# Total Nebie Question's =)



## Kiso (May 14, 2008)

OK, so I'm putting together my business plan to bring to the bank for my small business loan. But I have a few questions on somethings that I haven't been able to find throughout the forums. But If there is a post covering these questions maybe "stickyin" it would be a lot easier for some.

Now with the mind set of a one man business with hopes of expansion in the coming years.

But this is the initial plan for the following year.

Snow Removal (Driveway Truck Plowed, Salt, Walkway's Possibly 1 or 2 Commercial accounts if available)
Lawn Care (Residential Mow w/Commercial Rider &Trim work)

How does a person judge an account? I imagine you have Per job, Half Year & Full Year based on season schedule.
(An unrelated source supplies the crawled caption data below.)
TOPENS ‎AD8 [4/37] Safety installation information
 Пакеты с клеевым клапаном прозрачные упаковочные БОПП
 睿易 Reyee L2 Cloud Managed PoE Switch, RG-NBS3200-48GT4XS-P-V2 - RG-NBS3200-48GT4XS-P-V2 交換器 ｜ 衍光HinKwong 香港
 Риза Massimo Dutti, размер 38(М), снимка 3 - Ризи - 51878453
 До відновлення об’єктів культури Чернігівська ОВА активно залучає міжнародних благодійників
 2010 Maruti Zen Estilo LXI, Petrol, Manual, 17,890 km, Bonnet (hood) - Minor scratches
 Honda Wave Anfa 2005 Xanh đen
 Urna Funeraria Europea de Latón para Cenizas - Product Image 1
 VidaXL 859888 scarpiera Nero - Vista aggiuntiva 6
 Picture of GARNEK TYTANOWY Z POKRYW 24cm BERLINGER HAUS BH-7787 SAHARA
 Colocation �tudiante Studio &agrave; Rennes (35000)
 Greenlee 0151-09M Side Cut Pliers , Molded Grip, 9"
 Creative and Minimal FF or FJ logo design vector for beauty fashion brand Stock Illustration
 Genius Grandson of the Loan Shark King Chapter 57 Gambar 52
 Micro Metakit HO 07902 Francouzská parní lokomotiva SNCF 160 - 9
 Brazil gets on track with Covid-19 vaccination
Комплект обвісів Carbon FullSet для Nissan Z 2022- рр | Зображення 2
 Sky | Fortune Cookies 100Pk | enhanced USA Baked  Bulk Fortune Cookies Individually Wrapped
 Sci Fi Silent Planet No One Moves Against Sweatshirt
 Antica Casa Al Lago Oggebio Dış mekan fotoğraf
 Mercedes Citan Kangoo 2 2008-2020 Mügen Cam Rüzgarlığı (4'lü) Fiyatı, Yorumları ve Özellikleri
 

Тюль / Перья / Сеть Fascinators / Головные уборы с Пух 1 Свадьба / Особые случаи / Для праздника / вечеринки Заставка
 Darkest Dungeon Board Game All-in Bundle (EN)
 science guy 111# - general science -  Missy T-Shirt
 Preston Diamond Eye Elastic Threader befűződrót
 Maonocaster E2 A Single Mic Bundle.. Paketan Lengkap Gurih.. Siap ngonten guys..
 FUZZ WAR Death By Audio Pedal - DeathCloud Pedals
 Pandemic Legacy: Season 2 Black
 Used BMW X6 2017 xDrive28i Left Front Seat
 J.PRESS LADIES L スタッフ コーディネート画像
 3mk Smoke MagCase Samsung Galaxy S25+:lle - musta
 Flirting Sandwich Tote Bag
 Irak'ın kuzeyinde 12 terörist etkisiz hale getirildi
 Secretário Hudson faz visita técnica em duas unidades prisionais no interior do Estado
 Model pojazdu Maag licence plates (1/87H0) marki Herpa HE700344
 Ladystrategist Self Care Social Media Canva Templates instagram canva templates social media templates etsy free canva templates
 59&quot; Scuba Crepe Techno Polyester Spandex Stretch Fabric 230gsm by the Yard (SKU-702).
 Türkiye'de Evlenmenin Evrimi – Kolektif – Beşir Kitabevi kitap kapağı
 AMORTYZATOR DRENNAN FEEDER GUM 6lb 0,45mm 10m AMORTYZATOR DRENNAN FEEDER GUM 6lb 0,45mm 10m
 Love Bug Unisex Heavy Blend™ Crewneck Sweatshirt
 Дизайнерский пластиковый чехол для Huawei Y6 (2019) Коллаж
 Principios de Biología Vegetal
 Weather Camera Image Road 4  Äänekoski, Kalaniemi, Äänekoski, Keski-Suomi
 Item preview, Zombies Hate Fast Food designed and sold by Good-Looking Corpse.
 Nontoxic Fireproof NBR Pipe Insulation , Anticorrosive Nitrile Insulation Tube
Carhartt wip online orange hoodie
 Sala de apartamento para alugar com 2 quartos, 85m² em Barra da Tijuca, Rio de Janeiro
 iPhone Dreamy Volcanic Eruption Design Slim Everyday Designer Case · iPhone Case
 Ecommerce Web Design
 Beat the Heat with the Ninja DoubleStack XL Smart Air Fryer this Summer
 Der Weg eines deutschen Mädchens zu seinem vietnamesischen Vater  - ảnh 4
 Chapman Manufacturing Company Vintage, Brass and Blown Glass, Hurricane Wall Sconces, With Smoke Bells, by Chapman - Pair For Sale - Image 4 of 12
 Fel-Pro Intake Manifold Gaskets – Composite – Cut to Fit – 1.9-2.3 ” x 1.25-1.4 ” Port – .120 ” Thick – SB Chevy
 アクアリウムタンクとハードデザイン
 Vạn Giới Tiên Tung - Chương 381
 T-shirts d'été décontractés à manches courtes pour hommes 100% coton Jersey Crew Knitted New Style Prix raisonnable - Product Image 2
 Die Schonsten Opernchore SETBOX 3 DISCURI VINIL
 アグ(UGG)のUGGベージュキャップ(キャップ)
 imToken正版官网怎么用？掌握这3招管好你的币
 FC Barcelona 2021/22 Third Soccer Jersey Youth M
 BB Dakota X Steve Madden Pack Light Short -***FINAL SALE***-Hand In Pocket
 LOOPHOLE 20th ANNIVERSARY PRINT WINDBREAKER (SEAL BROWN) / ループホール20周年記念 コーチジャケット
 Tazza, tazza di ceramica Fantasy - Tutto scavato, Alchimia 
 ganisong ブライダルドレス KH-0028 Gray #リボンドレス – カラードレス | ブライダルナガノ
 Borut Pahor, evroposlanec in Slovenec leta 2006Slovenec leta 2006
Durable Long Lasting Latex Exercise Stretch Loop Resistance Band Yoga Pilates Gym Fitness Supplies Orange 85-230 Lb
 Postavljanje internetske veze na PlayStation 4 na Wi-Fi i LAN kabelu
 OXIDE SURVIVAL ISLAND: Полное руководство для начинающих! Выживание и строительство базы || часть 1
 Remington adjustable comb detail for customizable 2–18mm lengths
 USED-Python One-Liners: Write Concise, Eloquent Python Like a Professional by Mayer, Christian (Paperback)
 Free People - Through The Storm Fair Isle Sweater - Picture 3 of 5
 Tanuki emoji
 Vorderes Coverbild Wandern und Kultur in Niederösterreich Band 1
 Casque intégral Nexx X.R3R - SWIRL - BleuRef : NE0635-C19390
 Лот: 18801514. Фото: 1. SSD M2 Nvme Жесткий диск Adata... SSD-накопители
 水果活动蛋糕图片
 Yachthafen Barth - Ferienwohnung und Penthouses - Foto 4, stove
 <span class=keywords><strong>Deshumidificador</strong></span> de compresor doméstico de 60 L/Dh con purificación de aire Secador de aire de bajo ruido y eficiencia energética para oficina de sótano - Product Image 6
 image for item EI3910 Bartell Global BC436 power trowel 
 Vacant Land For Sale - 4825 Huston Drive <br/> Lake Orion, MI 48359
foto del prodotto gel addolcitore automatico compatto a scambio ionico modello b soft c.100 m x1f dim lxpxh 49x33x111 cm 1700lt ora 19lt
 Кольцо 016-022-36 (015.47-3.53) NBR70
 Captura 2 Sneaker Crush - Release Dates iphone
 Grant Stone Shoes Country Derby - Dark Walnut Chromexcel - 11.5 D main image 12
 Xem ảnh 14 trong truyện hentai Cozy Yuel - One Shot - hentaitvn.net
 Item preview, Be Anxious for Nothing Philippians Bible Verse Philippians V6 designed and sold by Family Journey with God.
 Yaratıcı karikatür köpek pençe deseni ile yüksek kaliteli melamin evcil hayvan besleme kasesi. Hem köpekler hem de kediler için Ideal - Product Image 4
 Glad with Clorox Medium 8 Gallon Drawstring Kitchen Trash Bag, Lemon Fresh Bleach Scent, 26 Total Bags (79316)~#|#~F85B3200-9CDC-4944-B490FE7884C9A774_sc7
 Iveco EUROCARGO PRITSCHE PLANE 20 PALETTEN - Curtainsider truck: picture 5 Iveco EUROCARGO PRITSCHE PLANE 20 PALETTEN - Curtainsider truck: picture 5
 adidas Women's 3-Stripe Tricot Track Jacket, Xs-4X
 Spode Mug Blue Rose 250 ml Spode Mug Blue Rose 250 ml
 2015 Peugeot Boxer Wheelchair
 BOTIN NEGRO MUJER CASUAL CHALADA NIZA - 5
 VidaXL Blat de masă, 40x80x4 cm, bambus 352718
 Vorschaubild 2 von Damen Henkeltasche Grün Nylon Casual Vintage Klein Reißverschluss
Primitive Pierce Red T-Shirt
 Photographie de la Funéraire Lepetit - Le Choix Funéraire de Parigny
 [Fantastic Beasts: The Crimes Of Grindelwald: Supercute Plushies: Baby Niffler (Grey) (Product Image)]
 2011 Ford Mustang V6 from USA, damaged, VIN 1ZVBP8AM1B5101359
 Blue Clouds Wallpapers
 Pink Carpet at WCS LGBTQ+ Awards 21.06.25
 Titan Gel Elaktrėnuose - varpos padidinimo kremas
I've gathered a one shot Plow will run you from 30-40 Dollars depending and a single mow from 25-45 Dollars depending.

How do you come to your figures on what you charge per person for a year or half year job? I imagine that each person's cost will depend on size. Is there an equation that is used or is there a "Norm" that people go by then add to depending on the size difference? Basically is there a flat rate that you go by other then your demographic that affects your cost per person? I know with commercial accounts you bid for them. With Home owner's it's basically the same thing will hopefully less competition. So again, this question imply s for both seasons.

I know that plowing is based on snow fall and is only when needed. But with Lawn Care and people with "season passes" how do you judge when to mow again? I know that having a schedule is more then half the responsibility of this job.

How many accounts should I try to attract being a "one man business"? For each season for that matter. I'm Hungry to earn and expand but I also don't want to over schedule myself. With putting a business plan together they kinda need to see how many people I'm attempting to work for.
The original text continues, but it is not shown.